=== WORK REQUIRED ===
The lines below must be transcribed exactly as given, with the images removed.

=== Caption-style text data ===
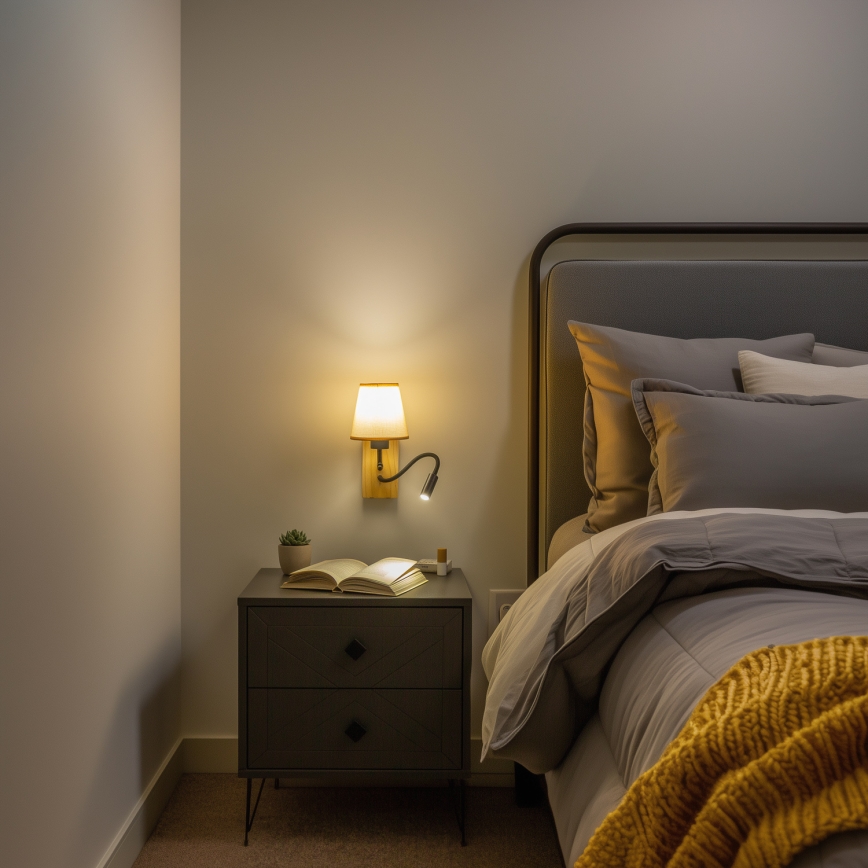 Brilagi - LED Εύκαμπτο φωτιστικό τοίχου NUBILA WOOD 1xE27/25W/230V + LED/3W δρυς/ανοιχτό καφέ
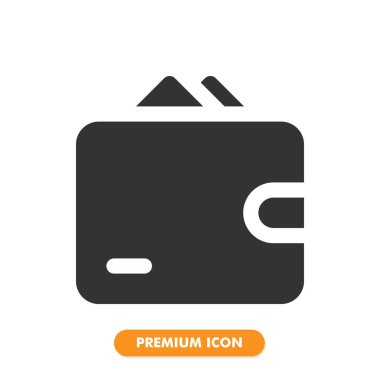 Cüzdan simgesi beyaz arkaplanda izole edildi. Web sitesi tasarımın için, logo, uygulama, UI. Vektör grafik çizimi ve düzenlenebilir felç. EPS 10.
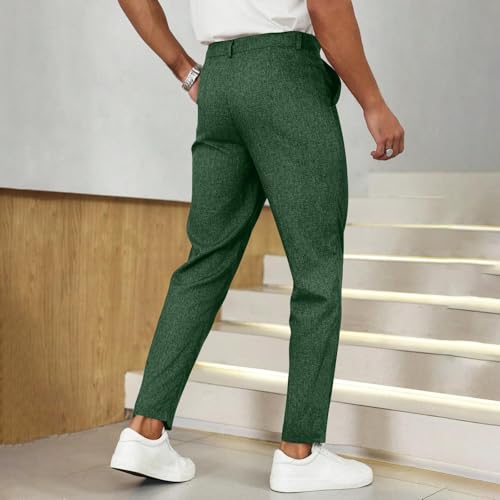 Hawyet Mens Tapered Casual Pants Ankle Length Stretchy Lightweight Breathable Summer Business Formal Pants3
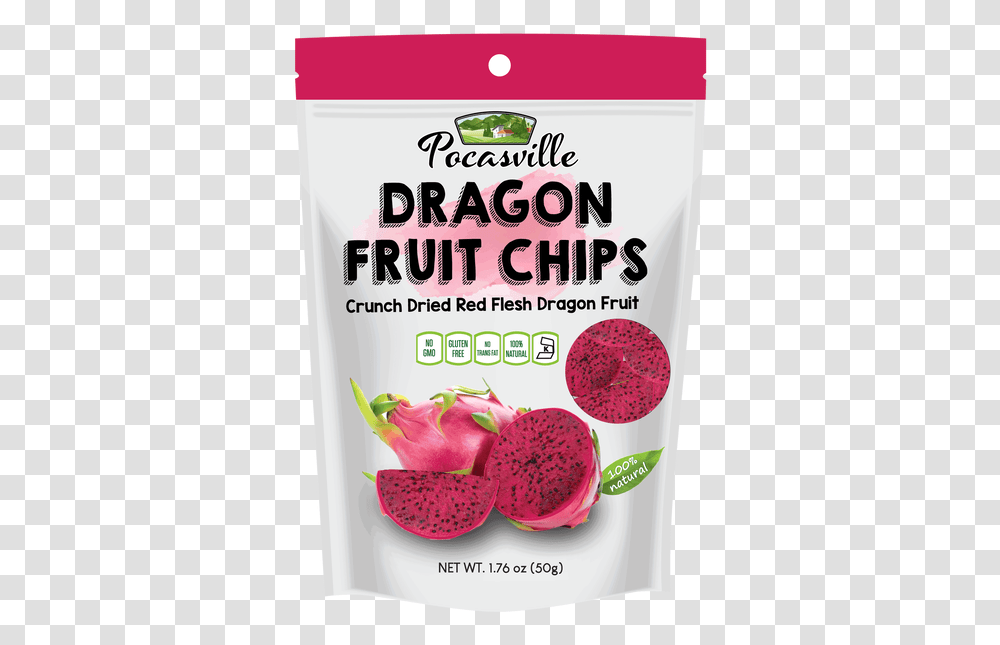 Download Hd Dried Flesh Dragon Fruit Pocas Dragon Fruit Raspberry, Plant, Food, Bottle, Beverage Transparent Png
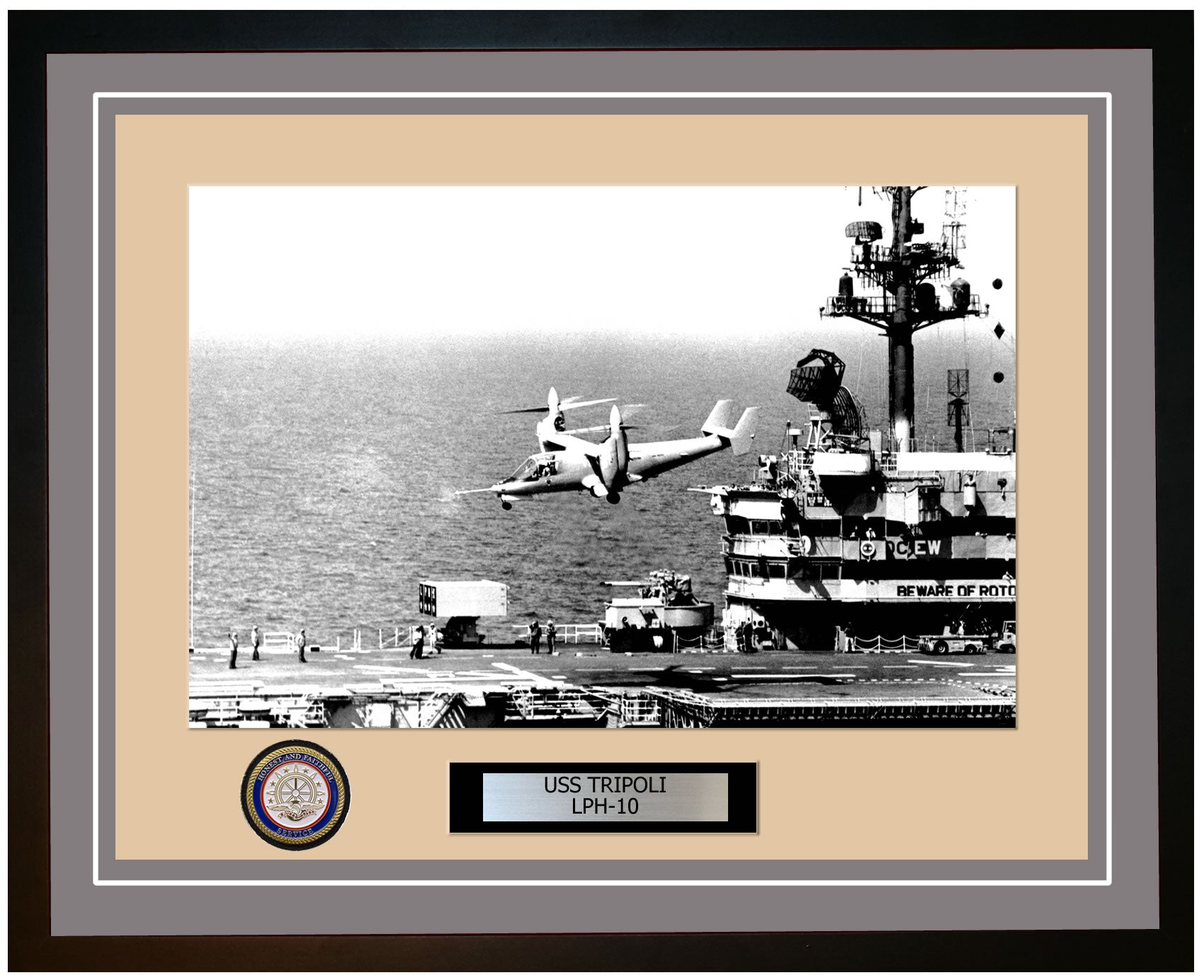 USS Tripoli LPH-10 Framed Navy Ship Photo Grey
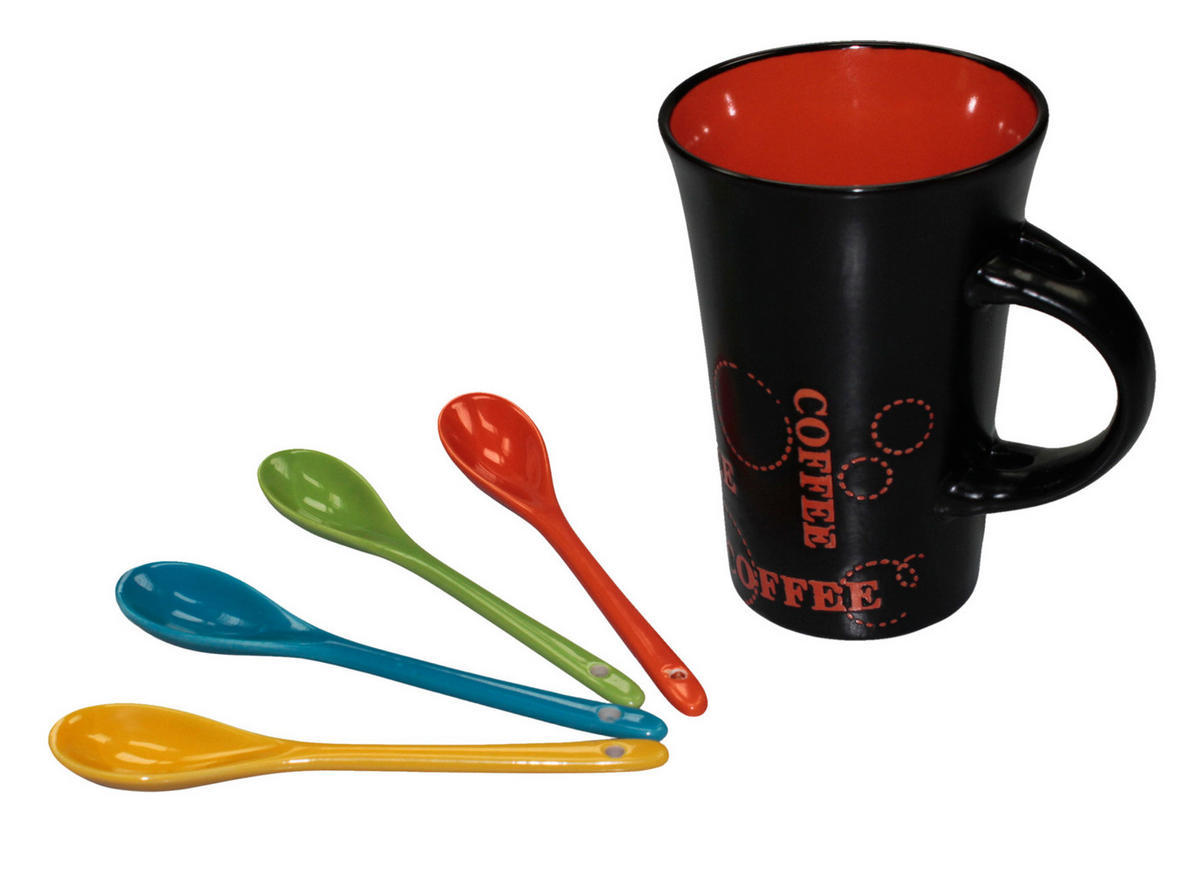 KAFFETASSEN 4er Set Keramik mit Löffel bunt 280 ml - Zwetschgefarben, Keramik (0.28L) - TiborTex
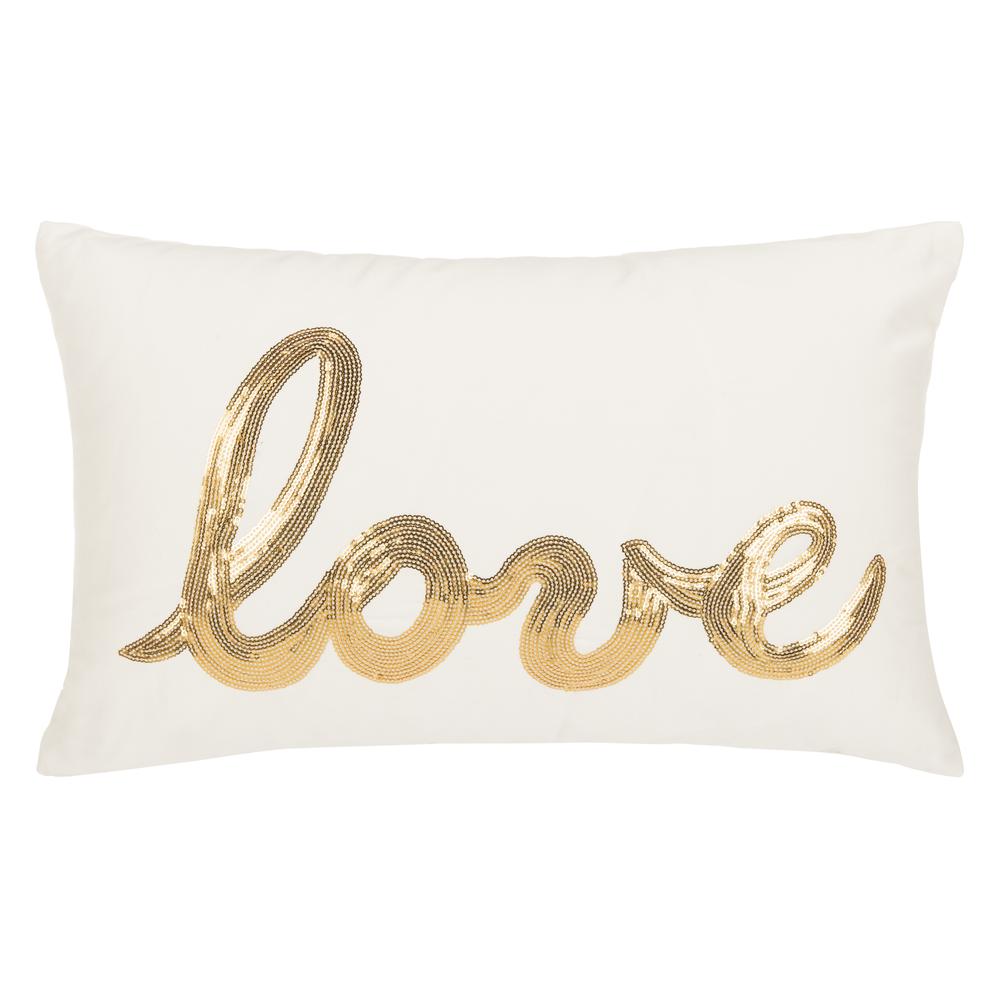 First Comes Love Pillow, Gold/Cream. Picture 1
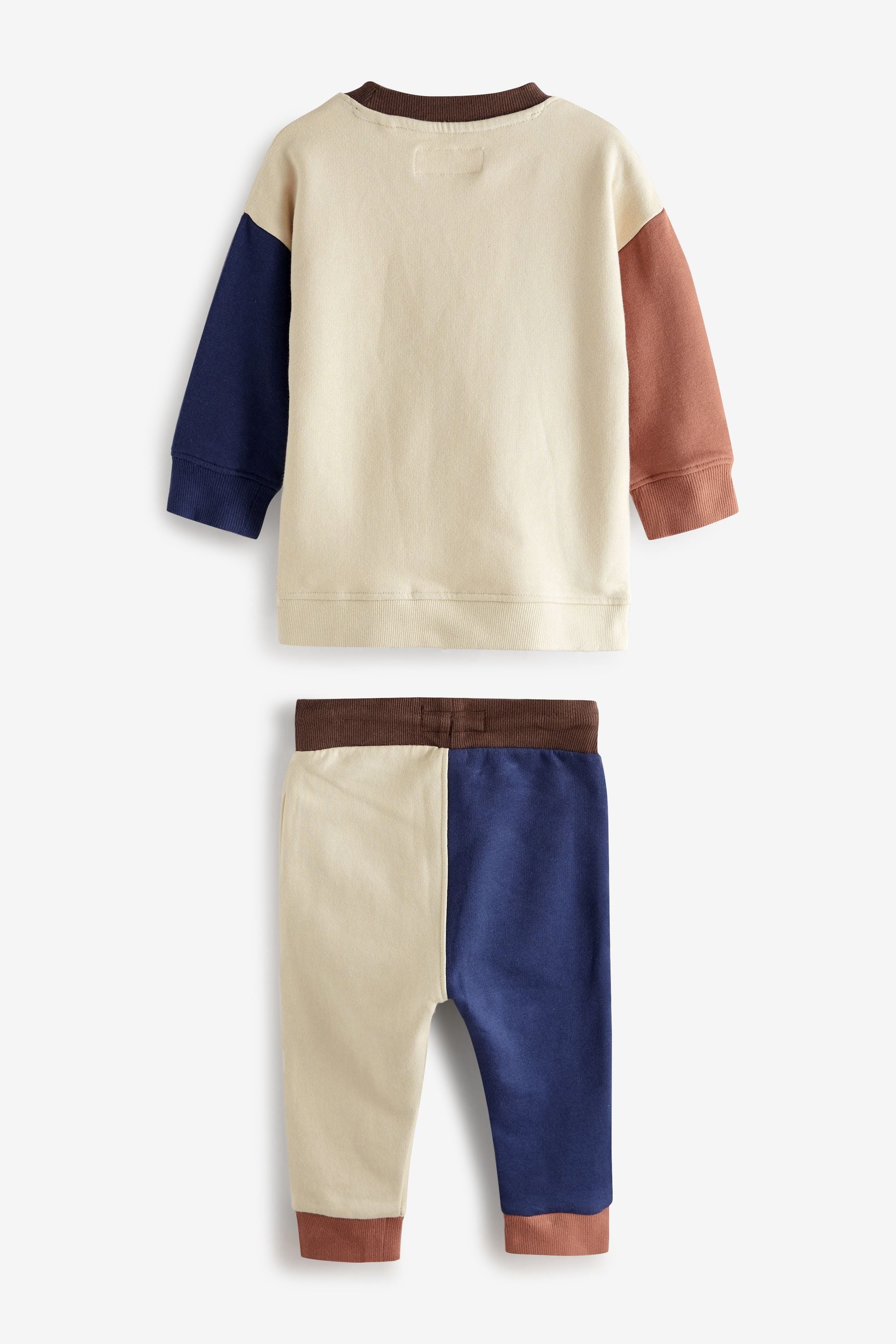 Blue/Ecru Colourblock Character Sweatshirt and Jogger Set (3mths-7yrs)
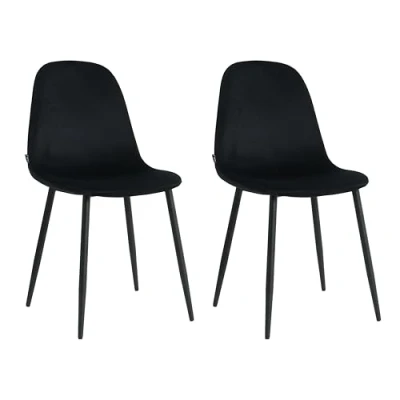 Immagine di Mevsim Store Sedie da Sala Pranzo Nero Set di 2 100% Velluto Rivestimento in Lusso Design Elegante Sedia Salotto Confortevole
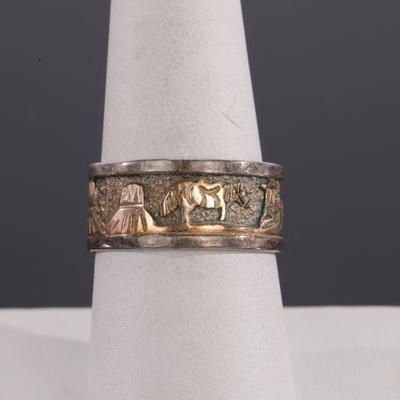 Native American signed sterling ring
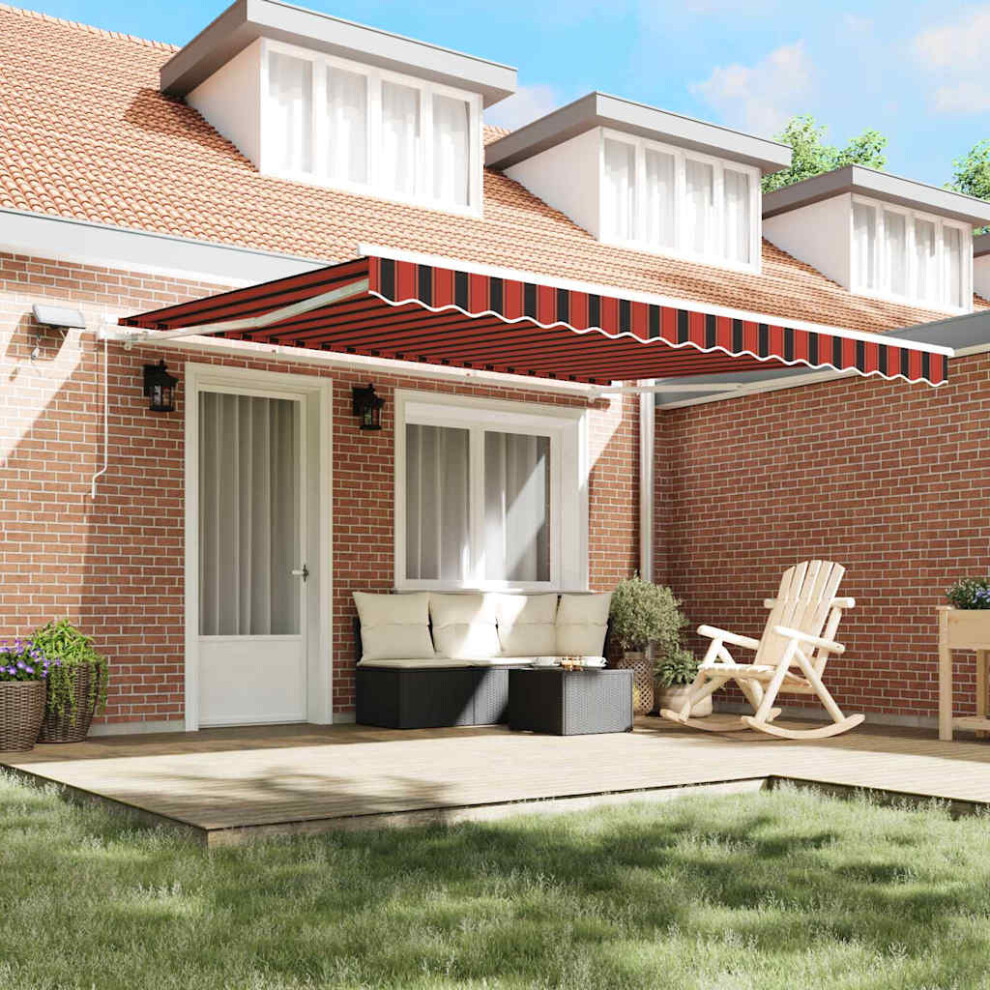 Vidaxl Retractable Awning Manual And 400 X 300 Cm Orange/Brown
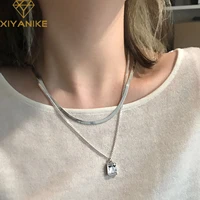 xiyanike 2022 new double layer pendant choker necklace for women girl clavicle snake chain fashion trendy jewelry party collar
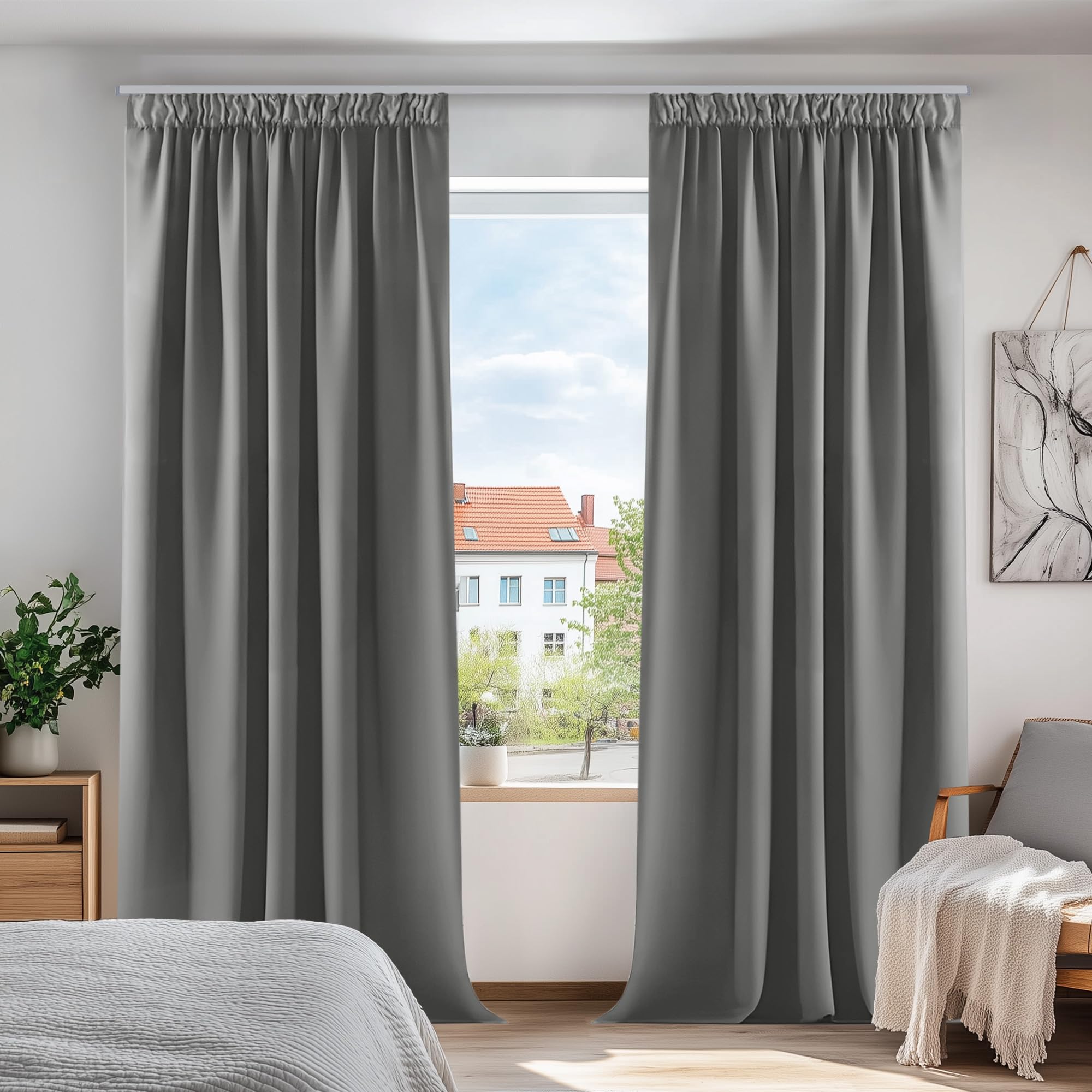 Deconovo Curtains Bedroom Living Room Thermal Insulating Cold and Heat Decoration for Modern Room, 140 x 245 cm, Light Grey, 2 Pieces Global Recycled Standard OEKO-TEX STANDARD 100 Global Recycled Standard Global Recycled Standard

=== RESPONSE AREA ===
 Brilagi - LED Εύκαμπτο φωτιστικό τοίχου NUBILA WOOD 1xE27/25W/230V + LED/3W δρυς/ανοιχτό καφέ
 Cüzdan simgesi beyaz arkaplanda izole edildi. Web sitesi tasarımın için, logo, uygulama, UI. Vektör grafik çizimi ve düzenlenebilir felç. EPS 10.
 Hawyet Mens Tapered Casual Pants Ankle Length Stretchy Lightweight Breathable Summer Business Formal Pants3
 Download Hd Dried Flesh Dragon Fruit Pocas Dragon Fruit Raspberry, Plant, Food, Bottle, Beverage Transparent Png
 USS Tripoli LPH-10 Framed Navy Ship Photo Grey
 KAFFETASSEN 4er Set Keramik mit Löffel bunt 280 ml - Zwetschgefarben, Keramik (0.28L) - TiborTex
 First Comes Love Pillow, Gold/Cream. Picture 1
 Blue/Ecru Colourblock Character Sweatshirt and Jogger Set (3mths-7yrs)
 Immagine di Mevsim Store Sedie da Sala Pranzo Nero Set di 2 100% Velluto Rivestimento in Lusso Design Elegante Sedia Salotto Confortevole
 Native American signed sterling ring
 Vidaxl Retractable Awning Manual And 400 X 300 Cm Orange/Brown
 xiyanike 2022 new double layer pendant choker necklace for women girl clavicle snake chain fashion trendy jewelry party collar
 Deconovo Curtains Bedroom Living Room Thermal Insulating Cold and Heat Decoration for Modern Room, 140 x 245 cm, Light Grey, 2 Pieces Global Recycled Standard OEKO-TEX STANDARD 100 Global Recycled Standard Global Recycled Standard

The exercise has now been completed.